→ Assignment: In the entries below, begin at the line with "Used 2022 Audi" and stop after the line with "Used 2003 Ford"; output those lines exactly and omit the pictures.

→ Records supplied:
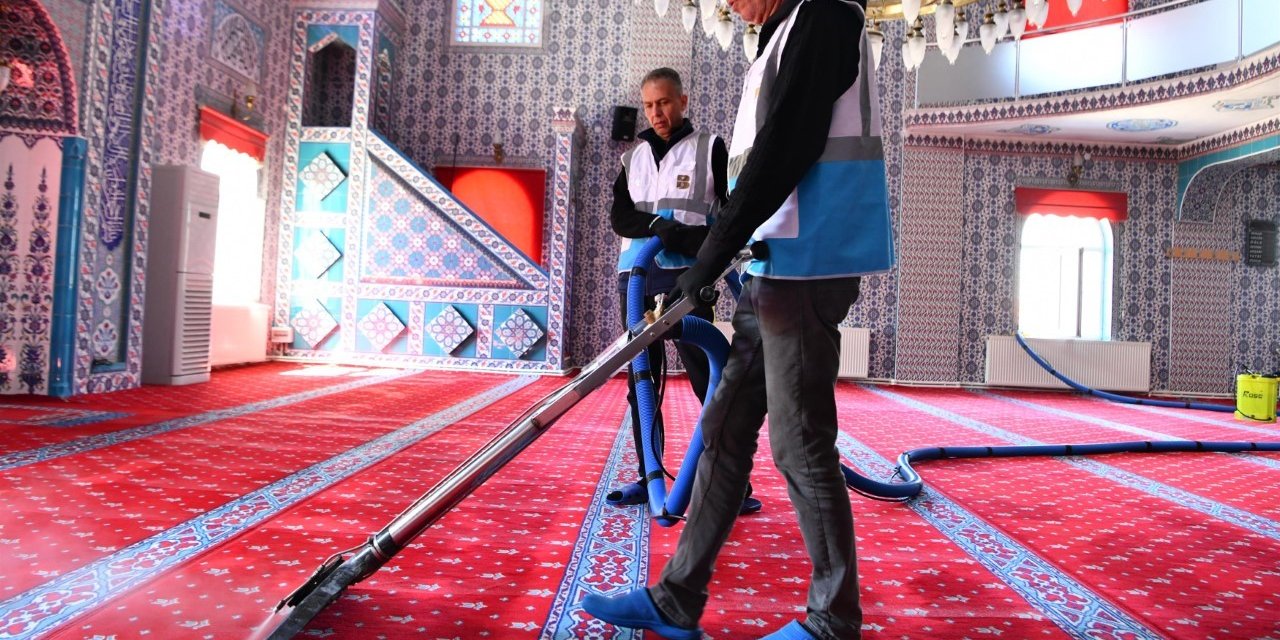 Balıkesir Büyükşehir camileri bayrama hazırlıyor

...

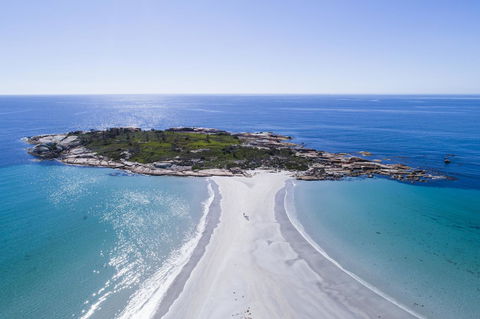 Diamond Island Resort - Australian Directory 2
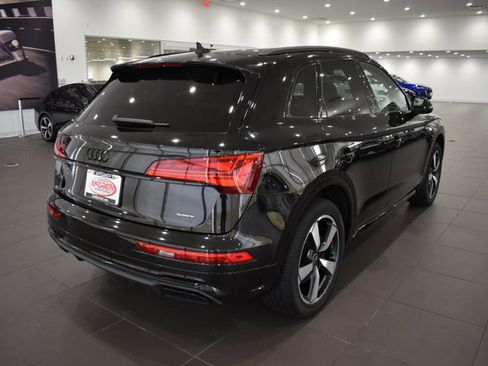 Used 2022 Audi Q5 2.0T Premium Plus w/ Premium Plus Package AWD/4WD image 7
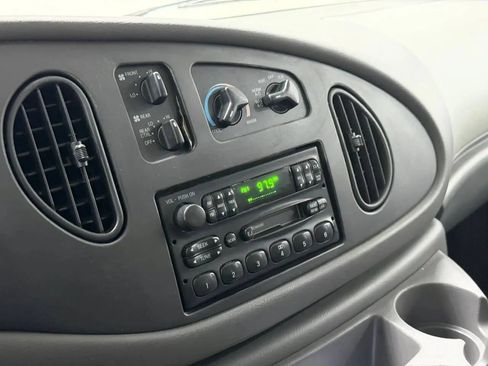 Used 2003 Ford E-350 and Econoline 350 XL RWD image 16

...

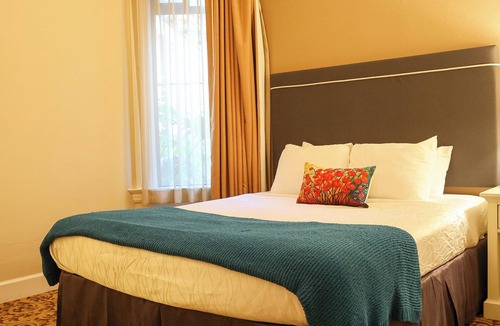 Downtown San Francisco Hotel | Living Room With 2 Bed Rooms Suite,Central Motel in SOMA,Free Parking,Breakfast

→ Response:
 Used 2022 Audi Q5 2.0T Premium Plus w/ Premium Plus Package AWD/4WD image 7
 Used 2003 Ford E-350 and Econoline 350 XL RWD image 16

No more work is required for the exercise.